One sports enthusiast’s perspective on the timeless appeal of baseball
By Ken Reed
Baseball has its hook in me, and I’m not really sure why. I’m a basketball and football fan, but I find baseball has a unique appeal.
I’m not a big fan of the overly romanticized odes to baseball that too often show up in print or on the big screen. Nevertheless, I must admit that there’s a specialness to baseball.
I guess there’s no better place to start than with spring training. I actually get excited about pitchers and catchers reporting to camp. I love everything about spring training.
I like the leisurely pace in the spring. Players mosey up to the field for batting practice with smiles on their faces. They joke around with teammates and fans and sign autographs along the way.
Old-timers in uniform hang out around the batting cage or bullpen and share stories with wide-eyed rookies as often as they give baseball advice.
I love the weather at spring training games and sitting in the grass beyond the outfield walls. I love exposing my winter white to the sun and watching better-looking sun worshippers do the same. I get a kick out of five-year-olds playing catch and chasing wild throws down the grassy knolls, often tumbling as their little legs can’t keep pace with their increasing speed.
I love the sameness of it all. I love the open feel of spring training. And the players seem more like the rest of us in the spring.
I cherish sharing family vacations to spring training with my parents and sister; my wife and friends; and, more recently, with my children.
Once the regular season starts, I look forward to perusing the morning box scores while eating my cereal and drinking a cup of tea. Why is this a special ritual in baseball? I rarely look at basketball and football box scores.
Similarly, I love listening to baseball broadcasts on the car radio, whether at home or in another city while travelling. I also listen to baseball games as I jog, ride my bike, mow the yard, and flip burgers during the summer months. All I need is a couple of innings. I don’t remember the last time I listened to an entire game on the radio, but a couple of innings is like a 15-minute chat with a good neighbour over the backyard fence. It’s a comfortable ritual.
Baseball brings a ton of history and nostalgia to the table as well. It connects me to the innocence of my youth like no other sport.
As a Denver native, we weren’t blessed with a Major League Baseball team during my youth. I adopted the Oakland A’s (cool uniforms, funky names, lots of mustaches and nearly as many stars) as my team growing up. I can remember the entire starting line-ups, rotations, and closers for the 71-75 A’s.
My dad recognized my passion for the A’s and baseball and wanted to feed it. He somehow always found a way for our annual Griswold-like summer family vacations to include a game or two involving the A’s in some American League city.
My uncle and older cousin taught me how to keep score at a Minnesota Twins game in 1968. It was the first Major League game I attended. Today, I still love keeping score at baseball games, whether sitting at a game by myself or sharing scoring duties with my wife or kids.
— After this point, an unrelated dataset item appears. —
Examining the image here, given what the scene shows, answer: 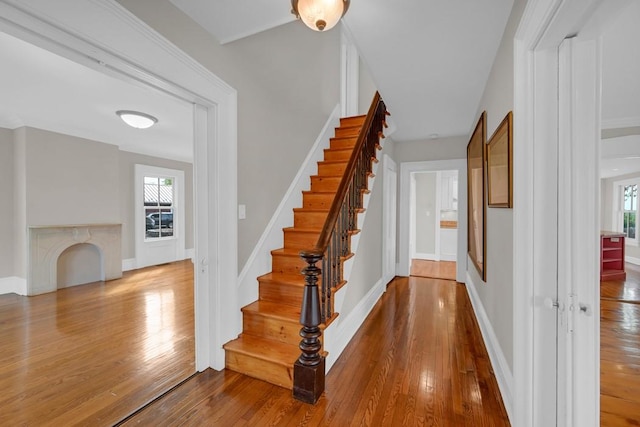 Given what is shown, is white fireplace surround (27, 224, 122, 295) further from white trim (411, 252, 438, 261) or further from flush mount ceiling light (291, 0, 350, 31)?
white trim (411, 252, 438, 261)

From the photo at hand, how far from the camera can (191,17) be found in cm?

Yet the thought of scoring a game in basketball or football (do they score games in football?) never crosses my mind.
There’s no better game for shooting the breeze with family or friends than baseball. The pace is perfect for simultaneously watching the action on the field and catching up on the activities of a buddy’s kids. And going to a baseball game is ideal for family outings. Grandparents and grandkids alike are comfortable hanging out at the ol’ ballpark.
And then there’s the simple ritual of playing catch, whether with a parent, one of your kids, a friend, or even a stranger. It’s a great way to feel the power of connecting with a fellow human being.
I guess part of baseball’s allure is the constancy of it. It’s there with you, day in and day out, for nearly nine months (counting spring training and the postseason). Baseball’s a great companion, even if it’s not your favourite sport.
Whatever the reason — or reasons — may be, once baseball gets you, it has you for life. Jim Bouton captured it best at the end of his classic book Ball Four.
“You spend a good piece of your life gripping a baseball and in the end it turns out that it was the other way around all the time.”
— Ken Reed is sports policy director for League of Fans, a sports reform project. He is the author of The Sports Reformers, Ego vs. Soul in Sports, and How We Can Save Sports.
Sports Forum Podcast
Episode #32 – League of Fans’ Sports Forum podcast: Prolific Author Joe Posnanski Joins the Show – Posnanski is one of America’s best sportswriters and has twice been named the best sports columnist in America by the Associated Press Sports Editors. We chat about his new book, “Why We Love Baseball,” his new Substack newsletter called Joe Blogs, and we cover topics including how baseball treats its fans, MLB’s numerous rule changes this past season, how the sport can become more fan-friendly, the greatness of Negro Leagues champion Buck O’Neil, and much more.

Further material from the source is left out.